In a bid to further improve the tax accountability of investors, the ATO has announced new rules around investment property depreciation. These will most likely affect your Melbourne investment property, so it's vital that you're aware of the new laws.
What are the 2017 depreciation law changes?
Depreciation is a handy tax tool that allows property investors to deduct the value decreases of their assets off their taxable income, thus reducing their tax bill. In past investors could claim depreciation tax on Melbourne investment properties for all plant and equipment (items such as washing machines, and furniture that can be removed from the property) – even if they were purchased by previous owners.
If you've purchased property before 7:30 pm on May 9 these new law changes will not apply to you.
That's no longer allowed under the new rules, and investors can only claim depreciation on items that they've purchases themselves.
Why do changes to investment property depreciation matter for you?
If you've purchased property before 7:30 p.m. May 9, these new law changes will not apply to you and you can continue claiming depreciation as you have been. If you purchased your residential property after that date, however, your 2017 tax return is going to look a bit different.

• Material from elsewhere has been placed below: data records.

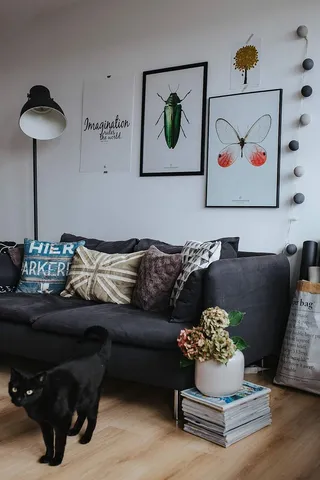 设计师设计的客厅内部有一张木箱桌和一块浅蓝色地毯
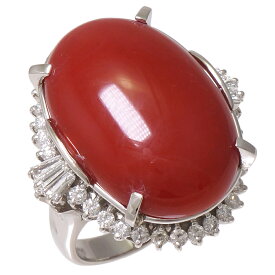 【中古】リング プラチナ900 サンゴ 珊瑚 コーラル ダイヤモンド 0.78ct 10.5号 17.3g レディース ジュエリー [送料無料]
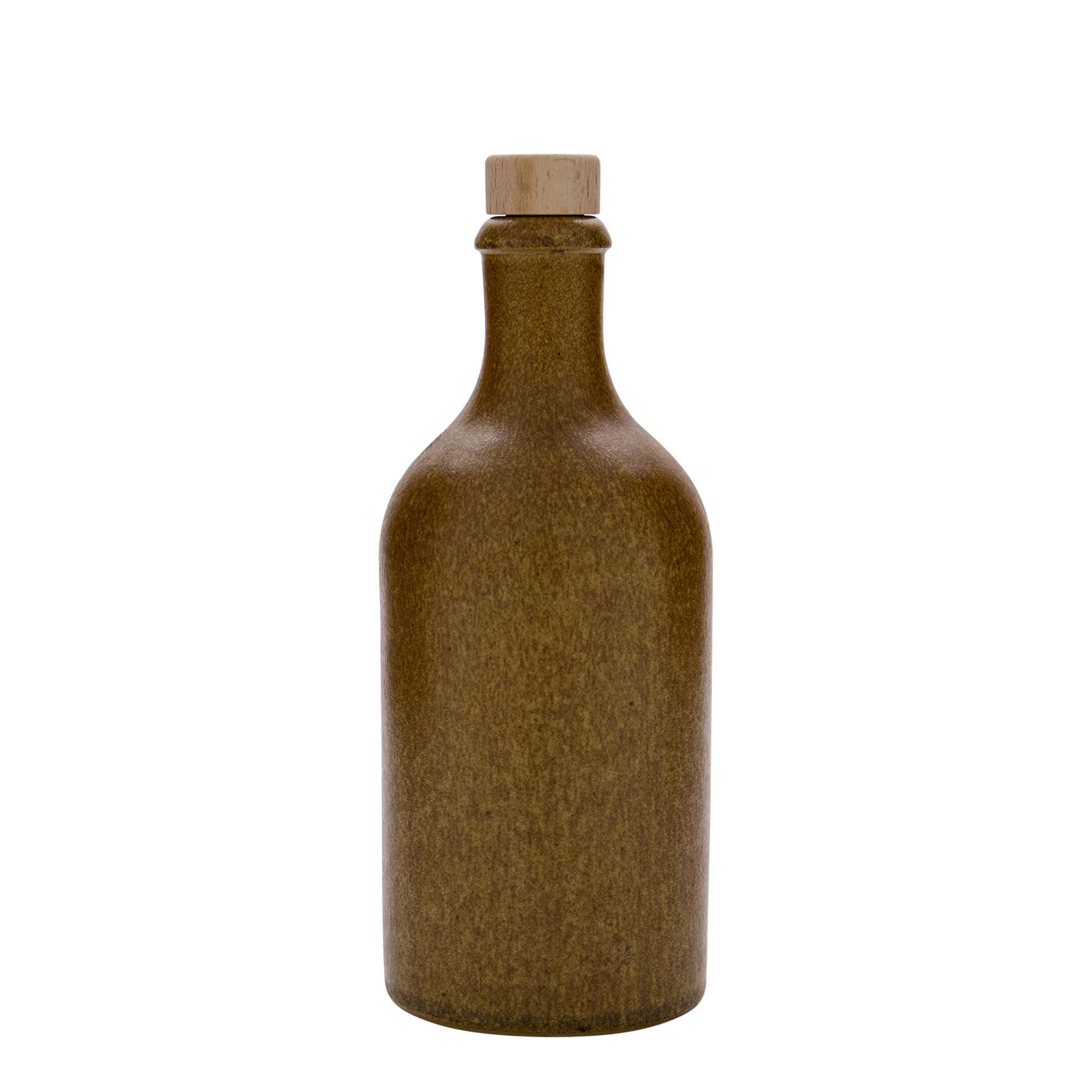 500 ml glineni vrč, kamenina, braon-kristal, otvor: plutа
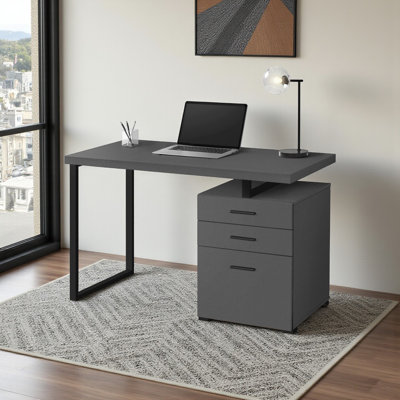 Bureau d'ordinateur Bureau à domicile, ordinateur portable, installation à gauche, à droite, tiroirs de rangement, travail, stratifié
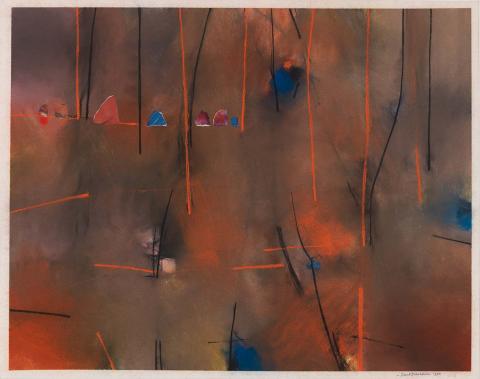 Artwork Trees and stones - fiery landscape this artwork made of Pastel, collage on wove paper, created in 1980-01-01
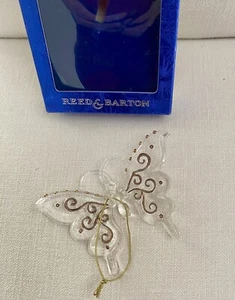 Adorno navideño vintage de vidrio soplado con mariposa de cristal Reed & Barton - Imagen 1 de 4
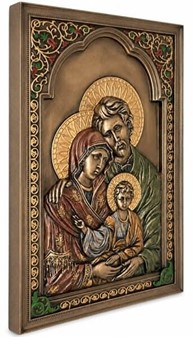 Den Hellige Familie Ikon. Bronze vægdekoration med religiøs betydning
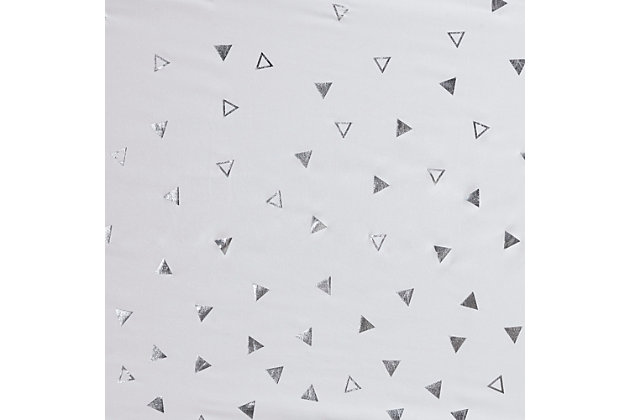 Add some shimmer and shine to your space with our Intelligent Design Zoey Metallic Triangle Printed Total Blackout Window Panel. Made from ultra-soft microfiber, this grey curtain features an ombre silver triangle pattern from the bottom up for a fun and modern touch of glam. Finished with a heavy 3 pass foamback liner, this panel is 100% total blackout for a maximum barrier against all exterior light and noise intrusion for the utmost privacy, while the thermal technology provides energy efficiency. Achieving the Oeko-Tex certification means this window panel does not contain any harmful substances or chemicals, ensuring quality comfort and wellness. Grommet top makes this panel easy to hang, open, and close through the day; fits up to a standard 1.25" diameter rod. Machine washable for easy care; complete the collection with coordinating bedding and shower curtain sold separately.Imported | Stylish and practical total blackout curtain panel in metallic print | Feature 3 pass foamback blackout liner using thermal technology to block out all light | Energy efficient, maximum barriers to help block noise intrusion and provide highest level of privacy | Silver grommet top that fits up to 1.25 inches rod in diameter | Oeko-tex certified, includes no harmful substances or chemicals (# sh025 161520) | As shown in image - need to purchase 2 curtain panels for each window for standard coverage | Machine washable for easy care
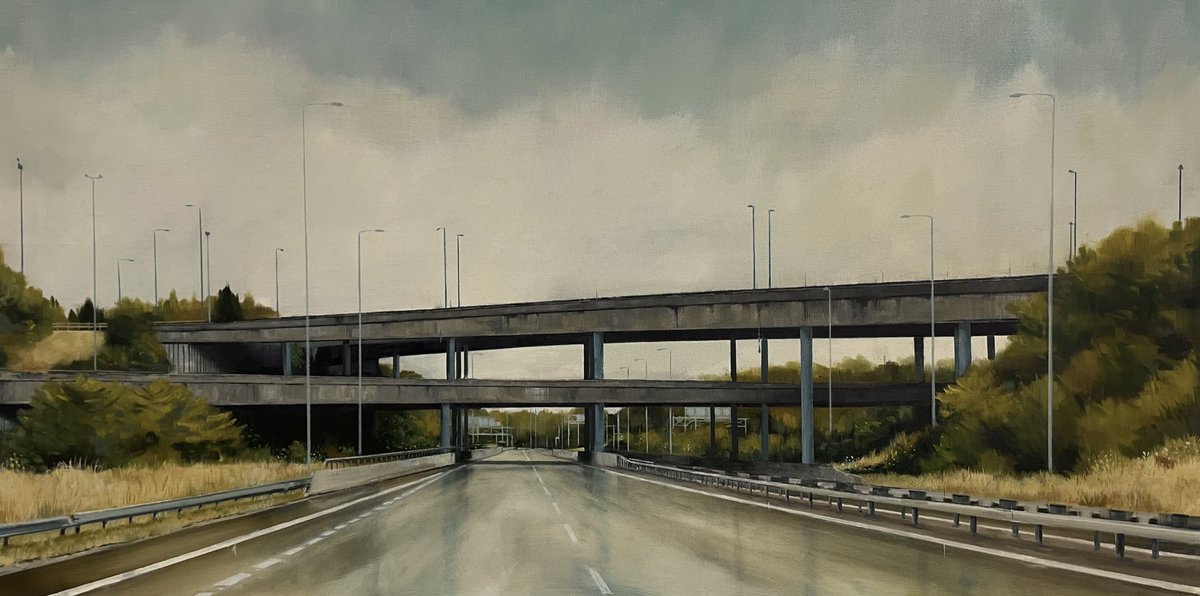 Some WIP pics of a big painting I made for my show back in March. I love getting into the detail but it was really nice to stand up and get the bigger brushes out. 
M5 Stack
Oil on canvas 
100 x50cm
#painting #art #m5 #WIP #WomensArt #motorway #driving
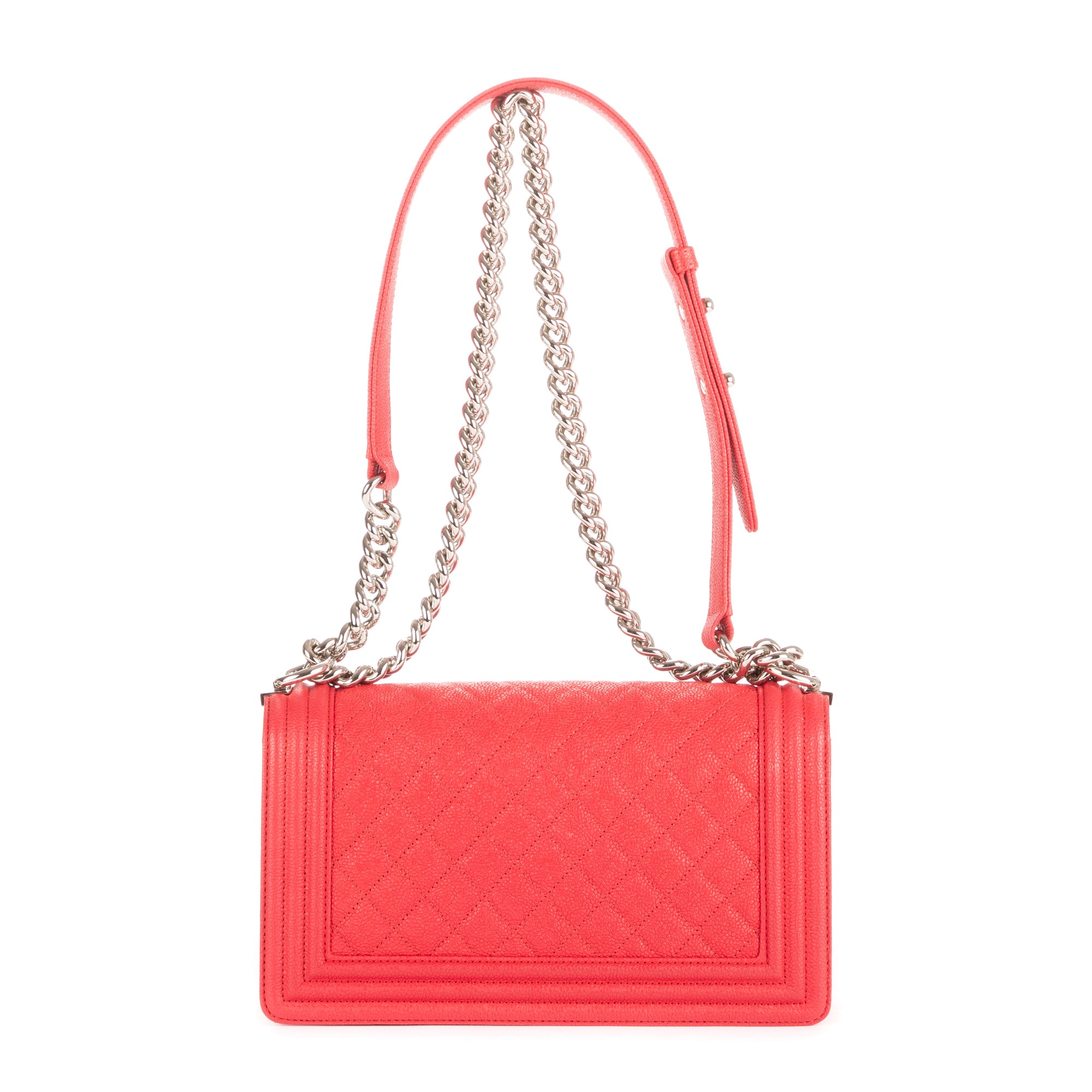 Bolso de Hombro Boy Mediano de Cuero Acolchado Rojo Caviar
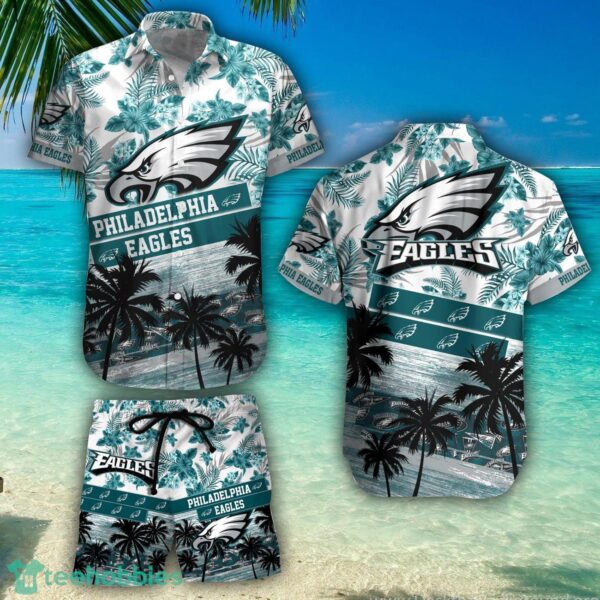 Philadelphia Eagles Team NFL Hawaiian Shirt And Beach Shorts Set Summer Team Gift Product Photo 1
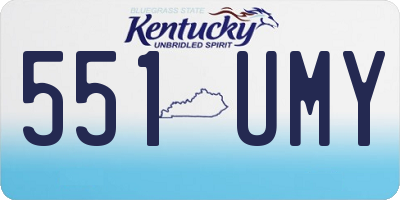 KY license plate 551UMY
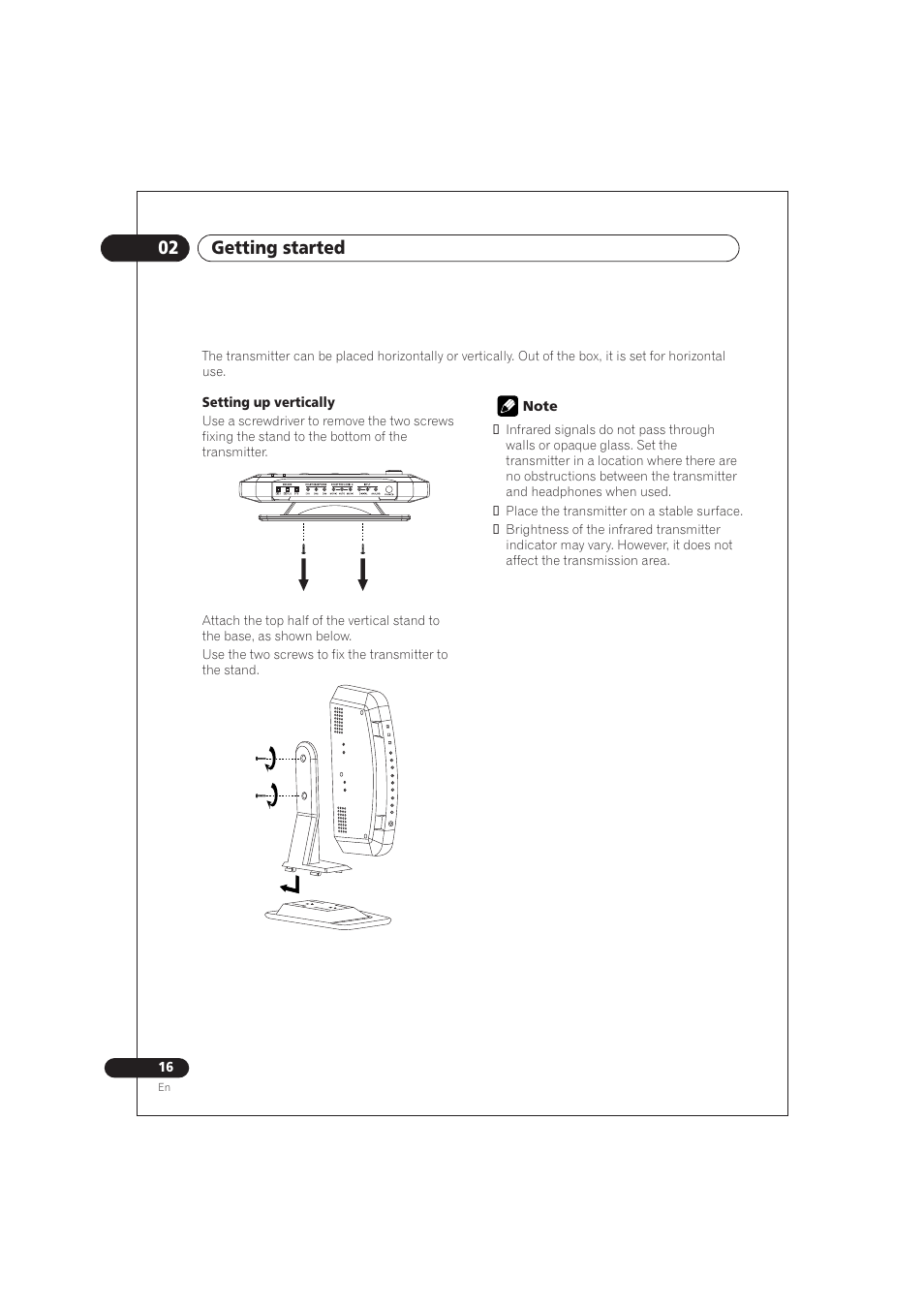 02 getting started | Pioneer SE DIR800C User Manual | Page 16 / 76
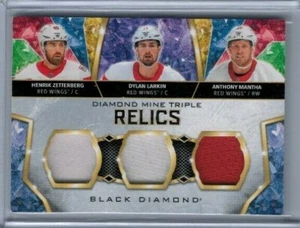 2020-21 Black Diamond Henrik Zetterberg Dylan Larkin Anthony Mantha Triple Relic - Picture 1 of 1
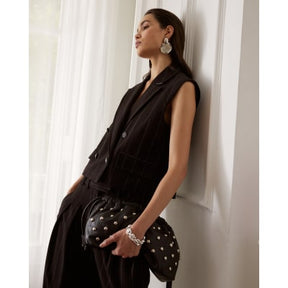 Black Pinstripe Boxy Fit Sleeveless Waistcoat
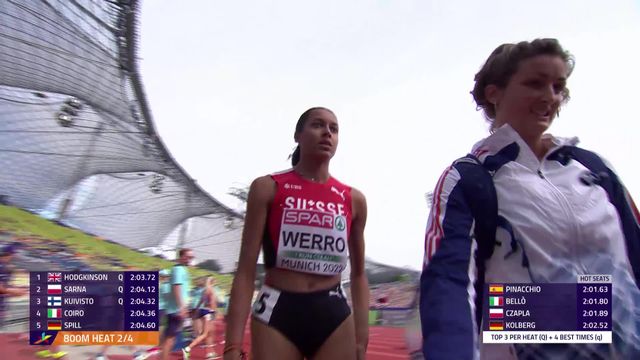Athlétisme, 800m dames, séries: Audrey Werro (SUI) 6e et éliminée [RTS]
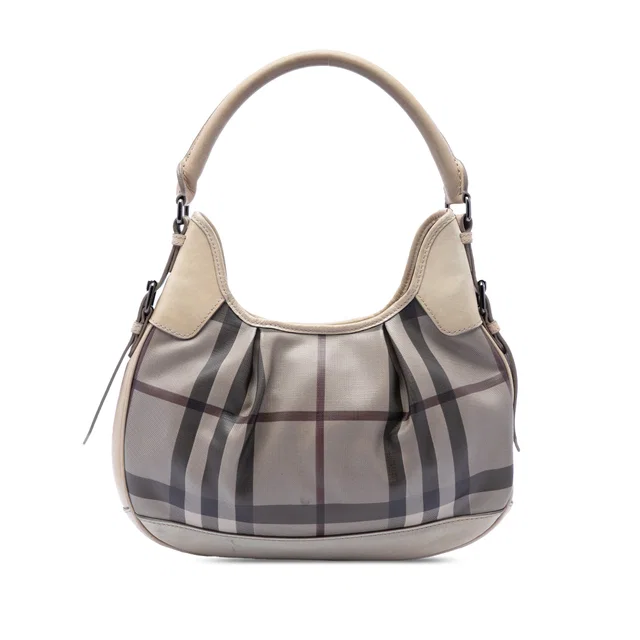 Grey Burberry Smoke Check Coated Canvas Brooklyn Hobo in Grey Coated canvas from Designer Revival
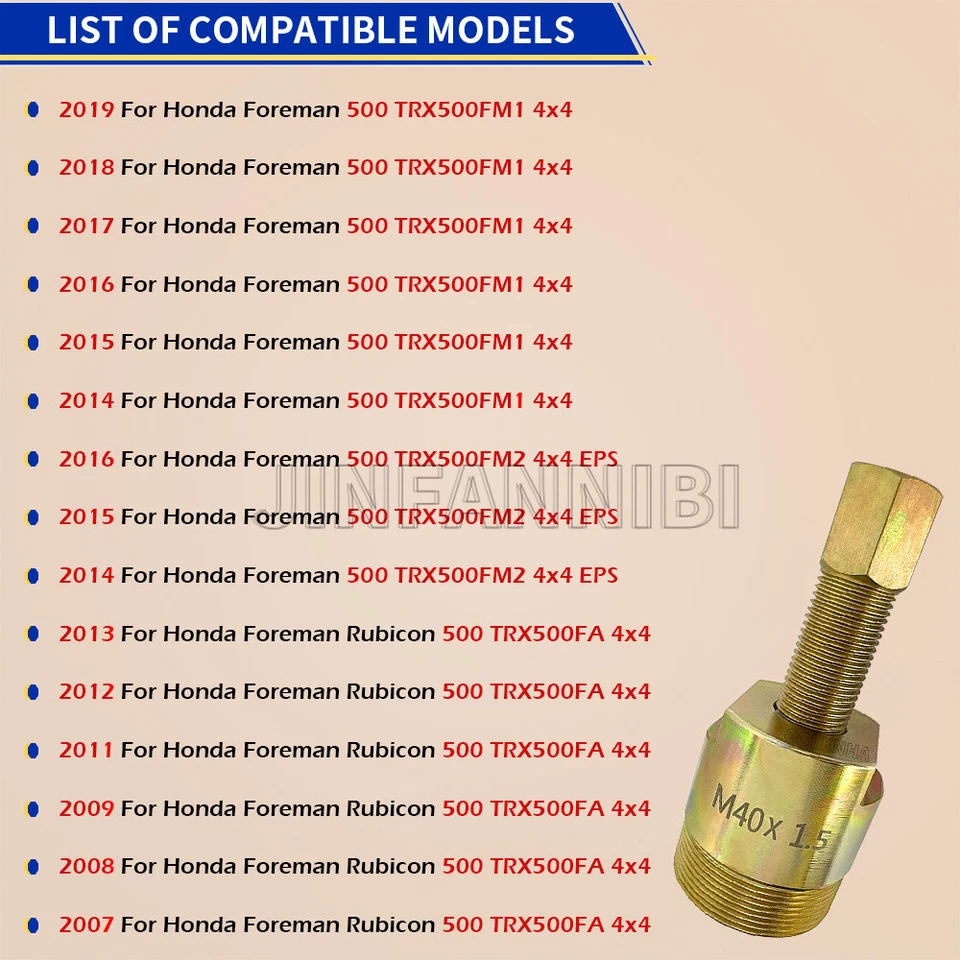 Extractor de embrague primario de 40mm x1.5 para Honda Foreman Rubicon 500 TRX500 2001-2019 Foto 3 de 4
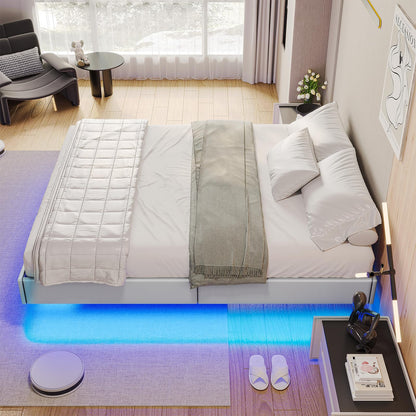 Hasuit Floating Queen Bed Frame with LED Lights - Modern White Platform Bed, No Box Spring Needed, Easy Assembly - WoodArtSupply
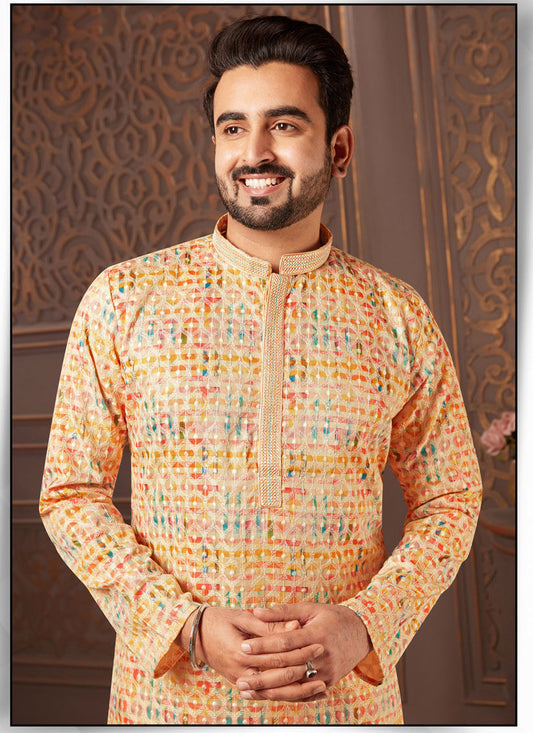 Multicolor Polyester Silk Embroidered Kurta Pyjama Set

Unless you purchase a brand new property, or plants and equipment, you won't be able to use depreciation to reduce your taxable income. In their analysis of 1,000 Australian properties, MCG Quantity Surveying found that the average investor will pay $1,300 to $1,400 more tax as a result.
What to do now?
The above figure may be alarming for some, but it's essential that you move forward logically and complete your tax return correctly. The 2017 depreciation rule changes may eat into your income, but filing an incorrect return or not understanding the changes could worsen the problem.
First, if you haven't yet completed your tax return, speak to your accountant, so that you fully understand what you can and can't claim.
Secondly, if you're looking at property investment in Melbourne, take these laws into account. Tax savings may make buying brand new property or renovating a fixer-upper a more attractive opportunity if you know what you're doing and are aware of the tax implications.